Zero meaning flips across all variants. Every substituted clause was correctly interpreted in every run. But token costs inflated 1.1x to 5.2x depending on density, and the billing attack scales with document length.
| Variant | GPT-5.2 | Sonnet | Cost |
|---|---|---|---|
| Clean | 881 | 975 | 1.0x |
| Flip (1.5% of doc) | 961 | 1,070 | ~1.1x |
| Flood (57% of chars) | 4,567 | 5,209 | ~5.2x |
The Denial of Spend defence
canonicalise() recovered every substituted term across all 12 attack variants. Zero confusable findings remained after canonicalisation. The 5.2x billing multiplier drops to 1.0x because multi-byte confusable tokens map back to single-byte ASCII. Processing a 10,000-character document takes under 1ms.
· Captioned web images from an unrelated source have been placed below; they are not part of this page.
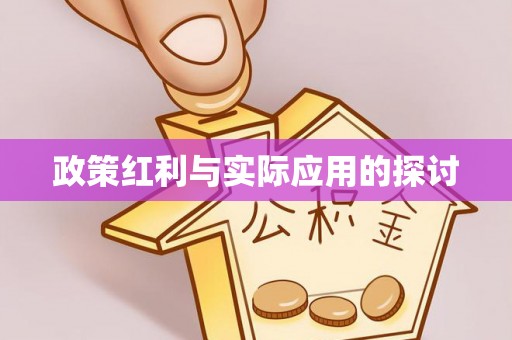 武都政策红利与实际应用的探讨
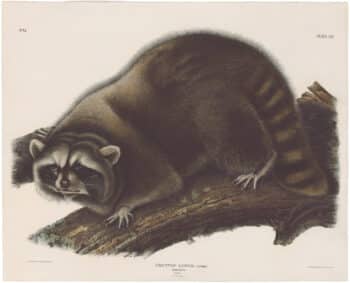 Audubon Bowen Ed. Pl. 61, Raccoon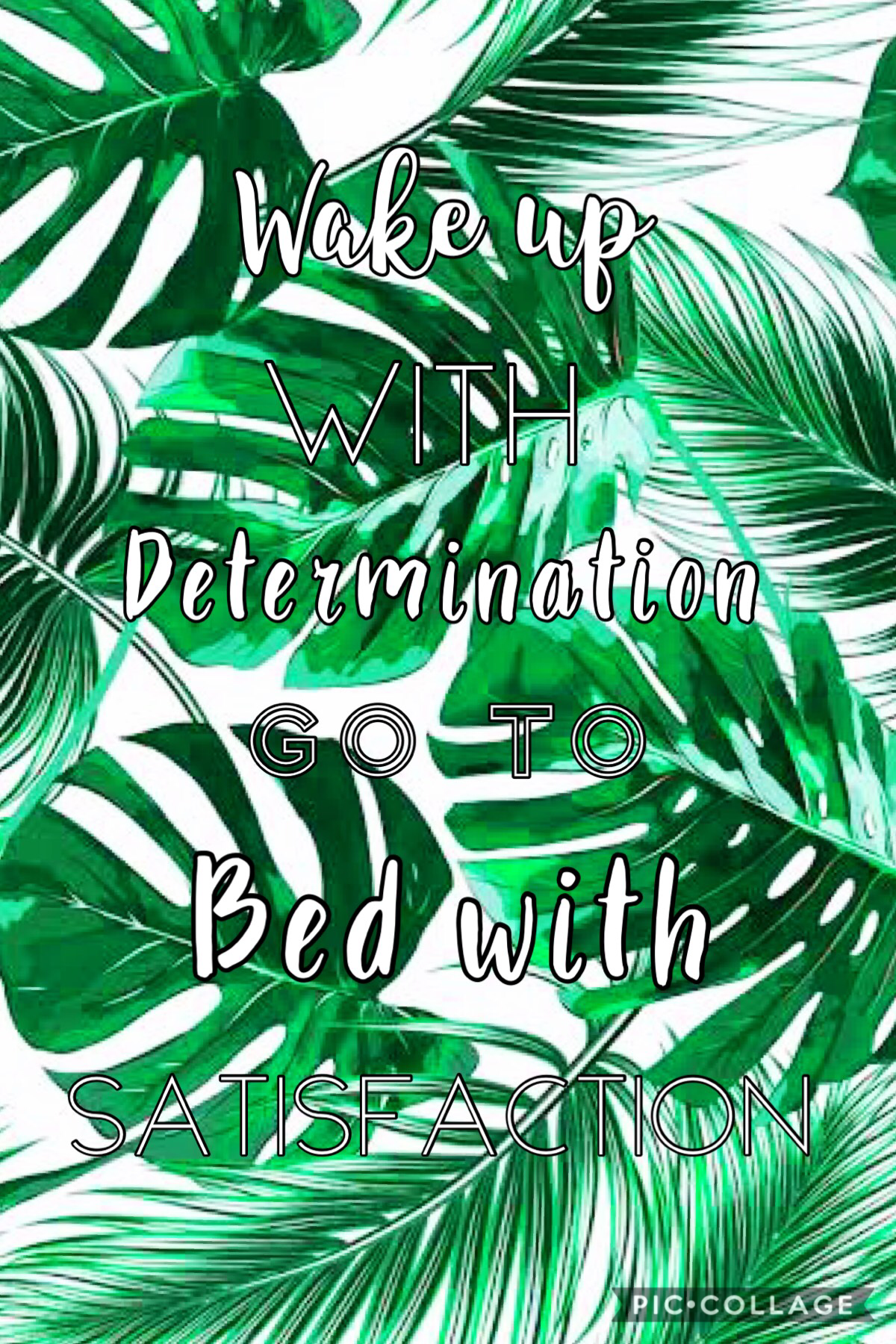 Wake up with determination go to bed with satisfaction! ❤️🌴🌿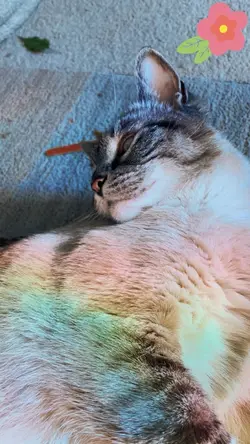 Cute cats❤️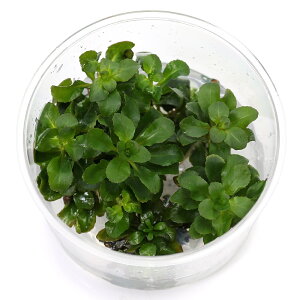 ijgD|{@hEBWAspDr[TiXt@GJpji_ji1Jbvj@kCEBq֗vۉ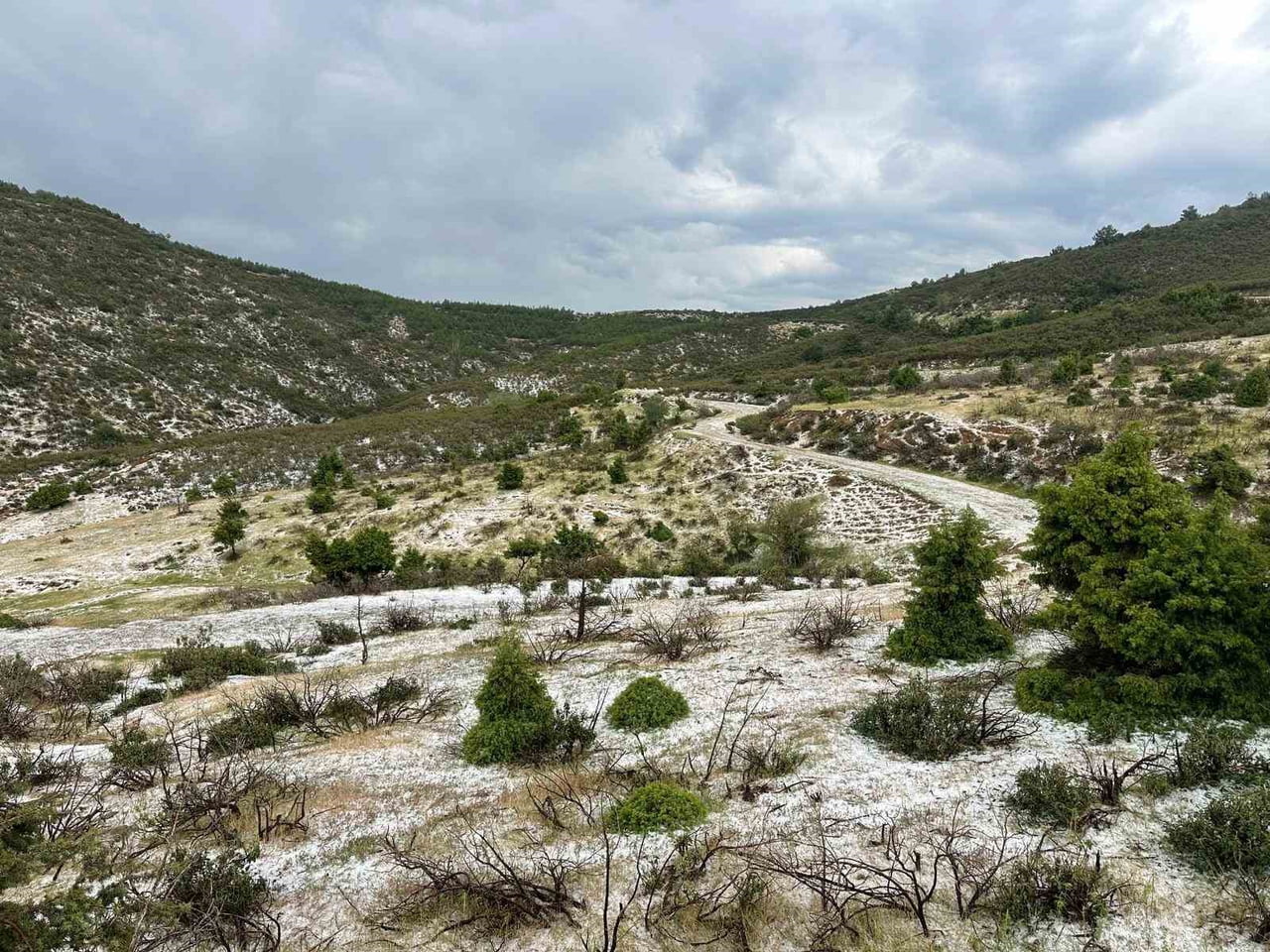 UŞAK’TA ÖĞLE SAATLERİNDE ETKİLİ OLAN SAĞANAK YAĞIŞIN ARDINDAN YÜKSEK KESİMLERDE GÖRÜLEN DOLU...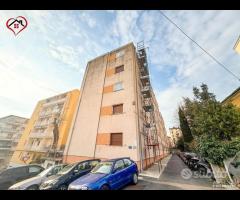 OLIVA - Bilocale in zona Burlo - 9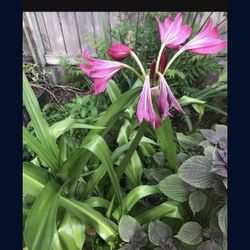 Big Pink Spider Lily Plants 3 Gallon Fully Grown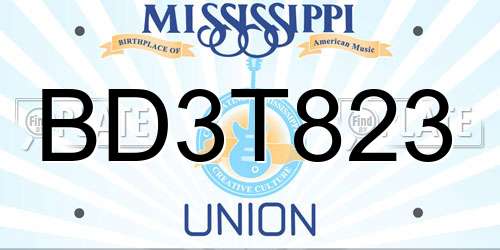 BD3T823 Mississippi License Plate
isClean() gates in microseconds: fast boolean, short-circuits on the first confusable found. scan() returns per-character detail with codepoints, scripts, and risk level for audit. Use strategy: "all" for known-Latin documents (English contracts, medical text).
// Gate: fast boolean check (microseconds)
if (!isClean(document)) {
const report = scan(document); // per-character detail + risk level
}
// Fix: rewrite confusables to Latin (5.2x tokens -> 1.0x)
const clean = canonicalise(document, { strategy: "all" });
Profanity & Evasion
Zero-dependency by default. Plug in any external moderation library when you need it.
Built-in profanity validator
createProfanityValidator catches common obfuscation while staying conservative by default: variantProfile: "balanced" and minSubstringLength: 4.
// catches common evasion like leet and confusables
// avoids broad matches on very short tokens
Use a default list or your own
For quick setup, use namespace-guard/profanity-en. Or keep bring-your-own moderation with createPredicateValidator.
validators: [createEnglishProfanityValidator()]
// external library path also supported
validators: [createPredicateValidator((id) => profanity.exists(id))]
Increase strictness carefully
Only switch to variantProfile: "aggressive" or shorter substring lengths after checking false positives.
{ variantProfile: "balanced", minSubstringLength: 4 }
// stricter mode
{ variantProfile: "aggressive", minSubstringLength: 3 }
Anti-spoofing pipeline
Three clear steps for Unicode spoof detection.
NFKC-aware confusable map
Unicode's confusables.txt and NFKC normalisation disagree on 31 characters. namespace-guard ships two maps: CONFUSABLE_MAP for NFKC-first pipelines (the common case) and CONFUSABLE_MAP_FULL (~1,400 entries) for raw-input pipelines that skip normalisation.
// NFKC says Long S → “s” ← correct
// TR39 says Math Bold I (‹𝐈›) → “l”
// NFKC says Math Bold I → “i” ← correct
22+ script families
Latin, Cyrillic, Greek, Armenian, Hebrew, Arabic, Devanagari, Thai, Georgian, Ethiopic, Hangul, Han, and more. Mixed-script detection blocks identifiers that combine characters from different scripts.
հello Armenian “h” + Latin
ɑdmin IPA “a” + Latin
Ꭺdmin Cherokee “A” + Latin
Reproducible from source
Generated from Unicode's official confusables.txt, not hand-curated. Regenerate for new Unicode versions with a single command. NFKC conflicts are excluded automatically.
Defence in depth
The default slug pattern already blocks non-ASCII. The confusable map and mixed-script detection add a second layer for apps that allow Unicode identifiers, or as a safety net if a format regex is misconfigured.